Black subjects have lower levels of CPCs compared with whites which is partially dependent on lower circulating MMP-9 levels. Impaired regenerative capacity is predictive of adverse outcomes in blacks and may partly account for their increased risk of cardiovascular events.
与白人相比,黑人发生不良心血管结局的风险更高。循环祖细胞(CPCs)水平较低表明再生能力受损,这是不良结局的一个新的决定因素;然而,关于 CPCs 的种族差异知之甚少。
研究黑人与白人相比,CPCs 的数量、PC 动员因子、急性心肌梗死期间的 PC 动员以及 CPC 计数的预测价值。

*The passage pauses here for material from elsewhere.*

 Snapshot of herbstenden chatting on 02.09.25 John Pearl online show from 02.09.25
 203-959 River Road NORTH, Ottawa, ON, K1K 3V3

通过流式细胞术对 1747 例患者(平均年龄 58.4±13 岁,55%为男性,26%自我报告为黑人)的 CD45med 血液单核细胞中表达 CD34+、CD133+、VEGF2R+和 CXCR4+表型的 CPC 进行计数。分析了急性心肌梗死患者(n=91)的单独数据。对相关临床变量进行模型调整。测量了基质细胞衍生因子-1α(stromal cell-derived factor-1α,SDF-1α)、血管内皮生长因子(vascular endothelial growth factor,VEGF)和基质金属蛋白酶-9(matrix metallopeptidase-9,MMP-9)水平(n=561),并对 623 例患者进行了中位数为 2.2 年的生存分析。黑人更年轻,更多为女性,心血管风险负担更高,CPC 计数更低。黑人的 CD34+细胞数量减少(减少 17.6%;[95%置信区间(CI),-23.5%至-11.3%];P<0.001)、CD34+/CD133+细胞数量减少(减少 15.5%;[95% CI,-22.4%至-8.1%];P<0.001)、CD34+/CXCR4+细胞数量减少(减少 17.3%;[95% CI,-23.9%至-10.2%];P<0.001)、CD34+/VEGF2R+细胞数量减少(减少 27.9%;[95% CI,-46.9%至-2.0%];P=0.04)与白人相比。CPC 计数较低与黑人种族之间的关联不受危险因素或心血管疾病的影响。在另一个由 411 例患者组成的队列中验证了这些结果。与白人相比,急性心肌梗死的黑人患者的 CPC 明显减少(P=0.02)。黑人的 MMP-9 水平明显较低(P<0.001),这使 CD34+较低与黑人种族之间的关联降低了 19%(95%CI,13%-33%)。然而,VEGF 和 SDF-1α水平在不同种族之间没有明显差异。较低的 CD34+计数在黑人(危险比,2.83;[95%CI,1.12-7.20];P=0.03)和白人(危险比,1.79;[95%CI,1.09-2.94];P=0.02)中同样具有预测死亡的作用,且无显著交互作用。
与白人相比,黑人的 CPCs 水平较低,这部分归因于循环 MMP-9 水平较低。再生能力受损是黑人不良结局的预测因素,可能部分解释了他们心血管事件风险增加的原因。